We looked at the calendar to determine when the weather would be conducive to chicks moving outdoors at four weeks of age. Backtracking from there, we decided that a late March hatch date would be just about right. We collected a number of eggs and got them started in the incubator.
The gestation time for chicken eggs is 21 days, but it’s suggested that eggs be “candled” early on to see which ones contain viable embryos. Candling involves shining a light on the egg to show the air cell, blood vessels, and even little chicky eyes. It’s also possible to see the embryos moving around and tiny hearts beating.
So at one week we candled the eggs and removed several undeveloped ones. Again at two weeks, we took out a couple of eggs. On the 18th day, when the eggs should be “locked down” and undisturbed, we had 12 viable eggs.

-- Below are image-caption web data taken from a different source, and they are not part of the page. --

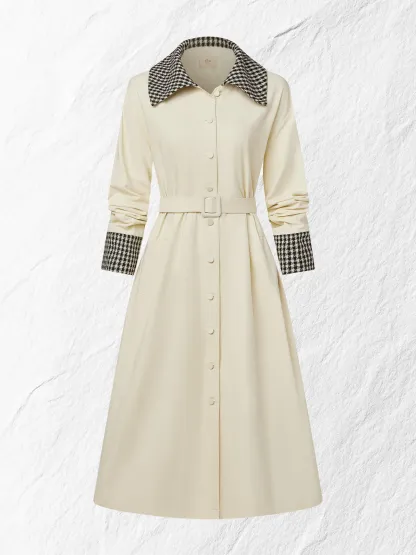 Cotton Trench Coat, Long Sleeves, Shawl Collar, Plain, Button Design, Vintage, Apricot - Apricot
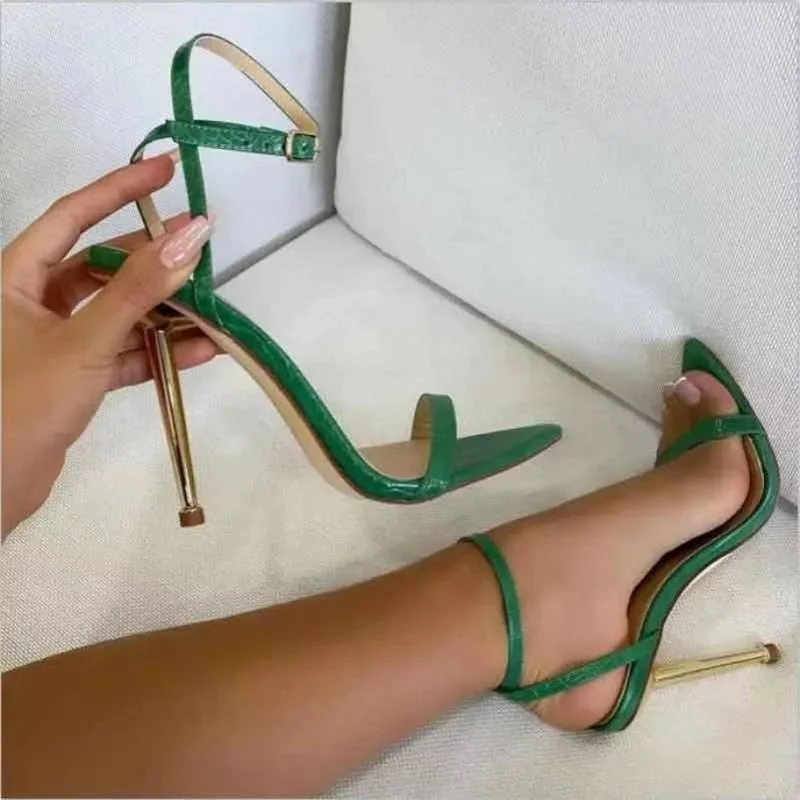 

OLOMM2021 Summer New Buckle High Heels Female 9 Cm Fashion Sandals Pointed Sexy Girls Party Korean Sandalias De Mujer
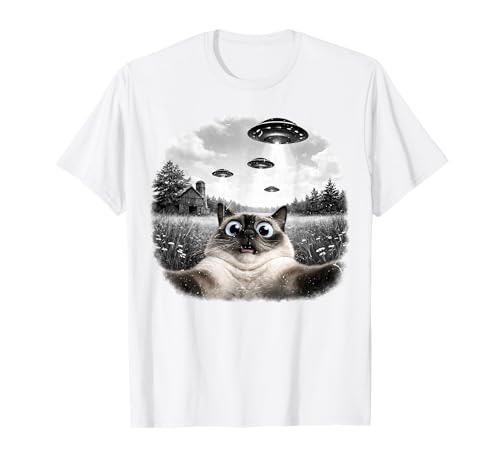 Cat Selfie UFO Alien Funny Surprised Scared Siamese Dad Mom T-Shirt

An interesting thing had happened early in the month. A few days after we set the incubator eggs, one of our hens went broody. This means that she focused on becoming a mother and glued herself to a clutch of eggs, leaving the nest only about once a day to eat, drink, and take care of other business. She had no idea that since the rooster didn’t visit her coop, her eggs were not fertile and would never hatch.

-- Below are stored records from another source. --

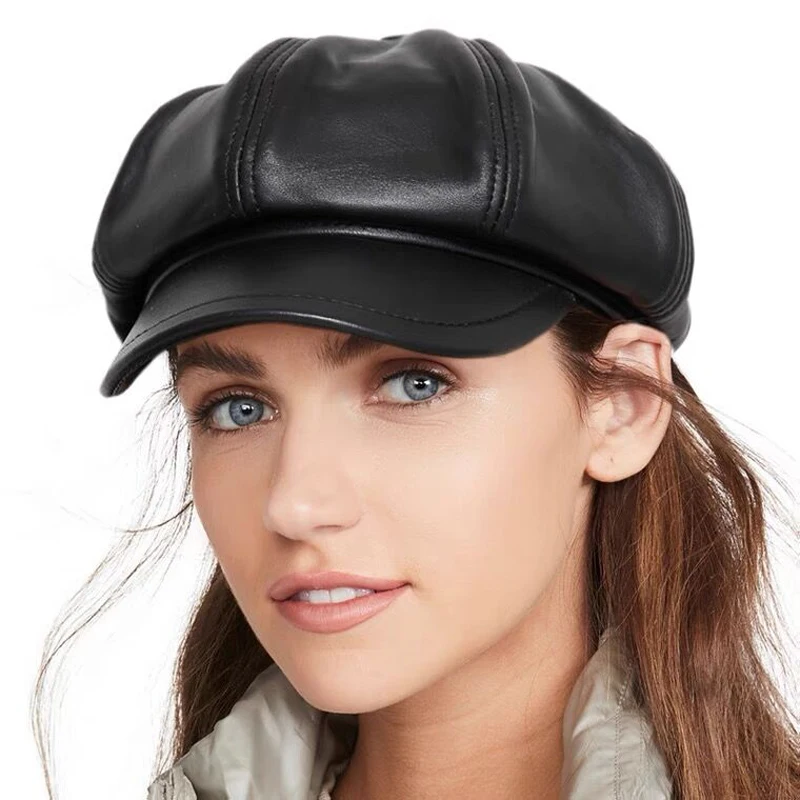 

Genuine Leather Beret Hat Winter Spring Hats For Women Painter Cap Vintage Beret Female Black Boinas England Style Hat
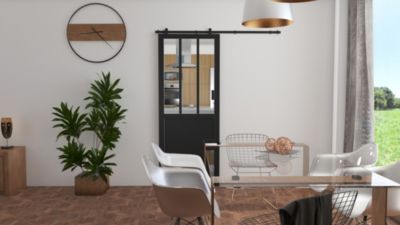 Porte coulissante vitrée esprit atelier H.204 x l.83 cm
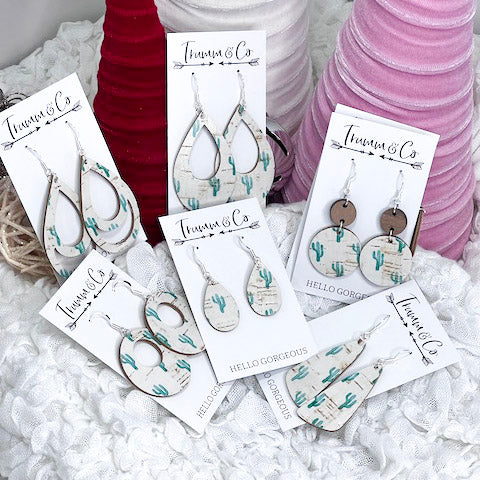 Green Cacti Print Leather/Cork Earrings|Backed with Genuine tan leather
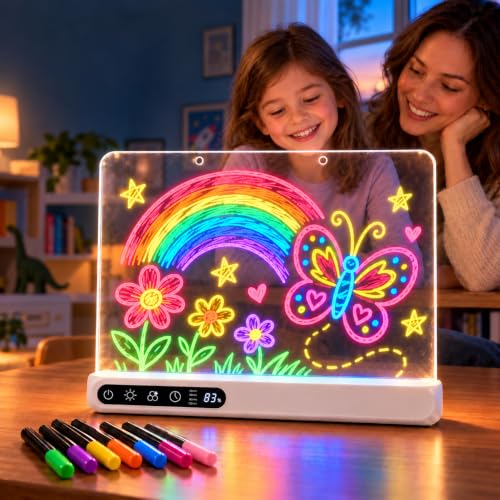 Cordless 16" LED Drawing Board for Kids | Wall Mountable Tabletop, Rechargeable Glow Doodle Note Board, 14 Light Effects, 7 Markers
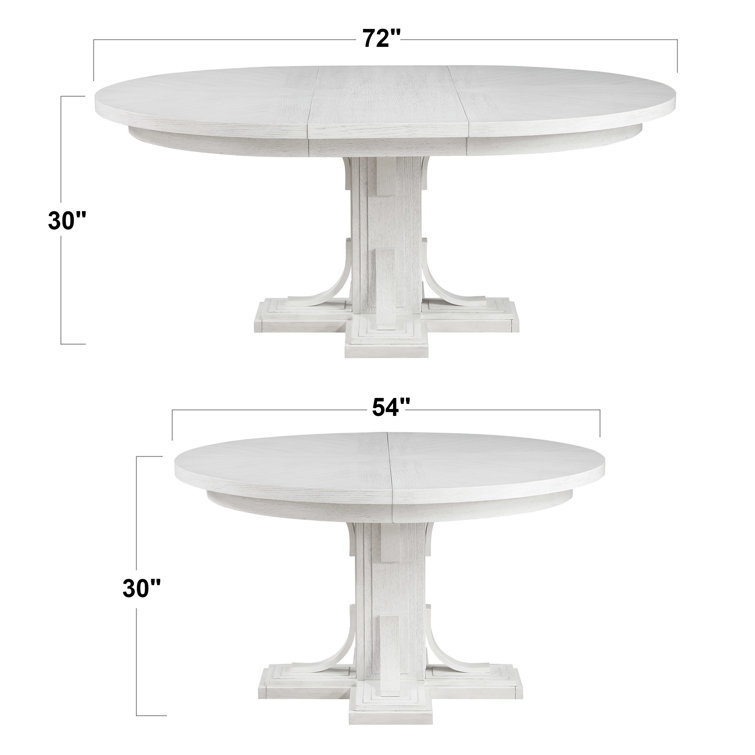 White Wood Oval Expandable Dining Table Set with Buffet and 4 Chairs
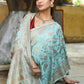 Joban Fashion Aqua Crepe Chiffon Pure Handloom Banarasi Silk Saree | Swadesiicart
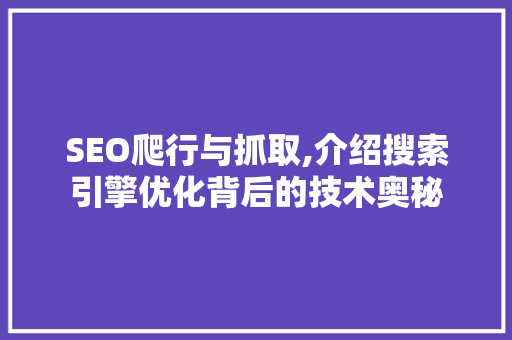 SEO爬行与抓取,介绍搜索引擎优化背后的技术奥秘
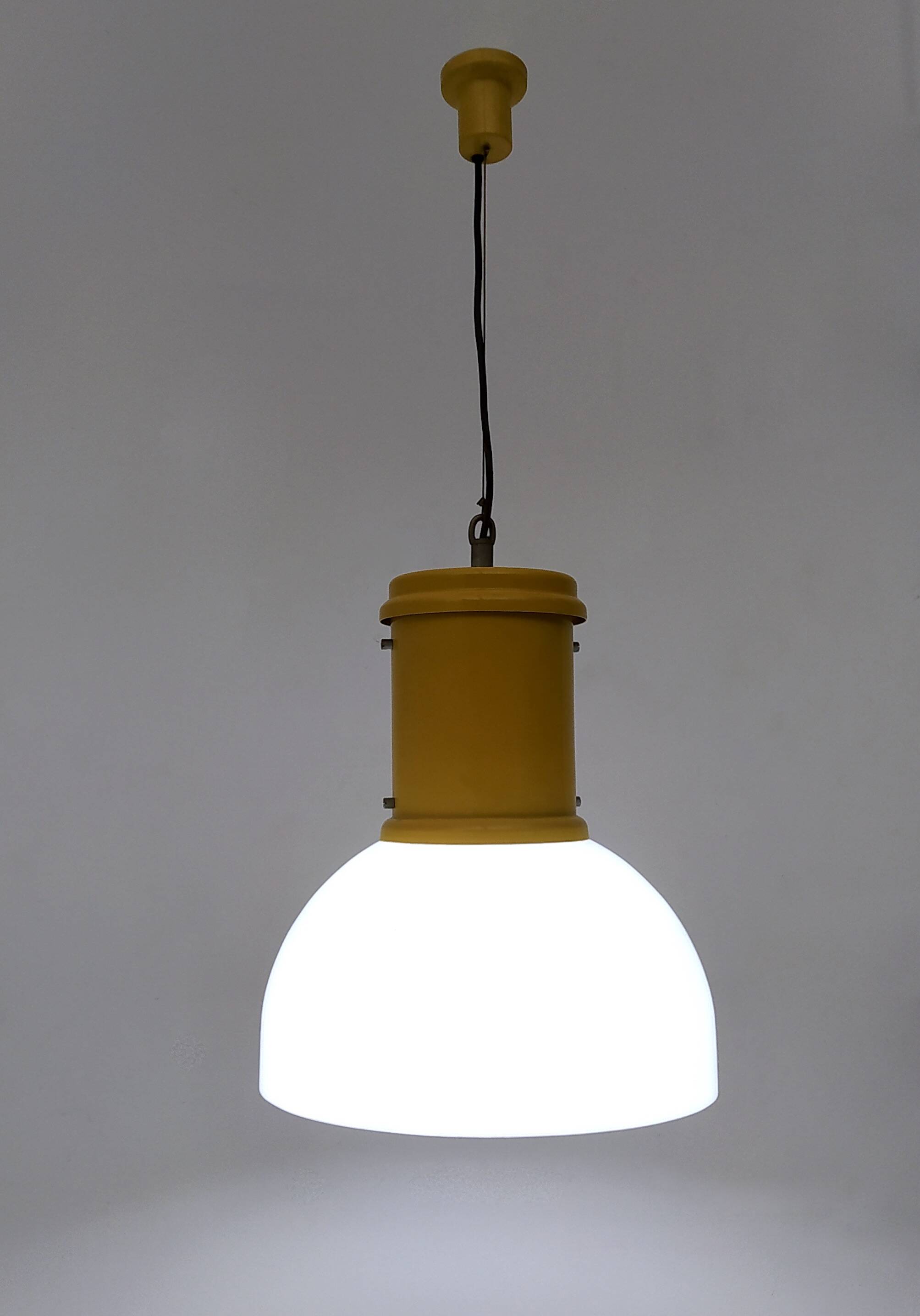 Industrial White Plexiglass and Yellow Varnished Aluminum Pendant, Italy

Tiny Pigwidgeon (“Piggy”) is our smallest hen, a petite Dark Brahma banty. She was faithful and determined, and in three weeks I saw her off the nest only one time for a brief jaunt outside. Hopefully she took a break at least once a day. But a broody hen lives for one thing only: to hatch and raise some baby chicks.
We decided to give Piggy half of the incubator eggs in hopes that she would hatch them. So on Day 18, we removed her clutch of infertile eggs to replace them with 6 viable incubator eggs. What a shock to see that she had accumulated 13 eggs in her nest, stealing the eggs her roommates had laid on the other side of the nestbox and hiding them all under her fluffy body and wings.
Day 21 came and went, and by Day 23 three chicks had hatched in the incubator. But not a peep came from Piggy’s private nest. Unfortunately by Day 26 she hadn’t managed to hatch any chicks. Perhaps she was off the nest too long, or the coop was just too cold, or maybe all six of her eggs just happened to fail in the last days of gestation. We didn’t do eggtopsies, so we’ll never know for sure.
Since Piggy had been brooding for weeks, with very little exercise and less food and water than normal, we removed her from the nest and took her private little brooder box out of the coop. We told her to go be a regular chicken for a while, scratching and pecking outside and regaining her strength. Reluctantly, she complied. It didn’t take her long to remember the joys of fresh air, sunshine, and treats to be discovered in the great outdoors.